Provided material —
== == ==
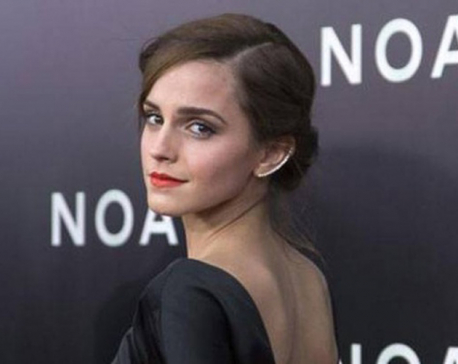 Emma Watson wants a pep talk from Michelle Obama
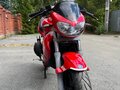 2008 Gilera DNA, красный, 125000 рублей - вид 8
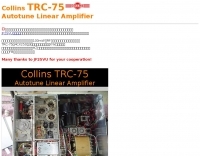Technical Reference/Amplifiers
== == ==
Exercise prompt — Drop the pictures and copy the data exactly.

Solution for this task —
 Emma Watson wants a pep talk from Michelle Obama
 2008 Gilera DNA, красный, 125000 рублей - вид 8
Technical Reference/Amplifiers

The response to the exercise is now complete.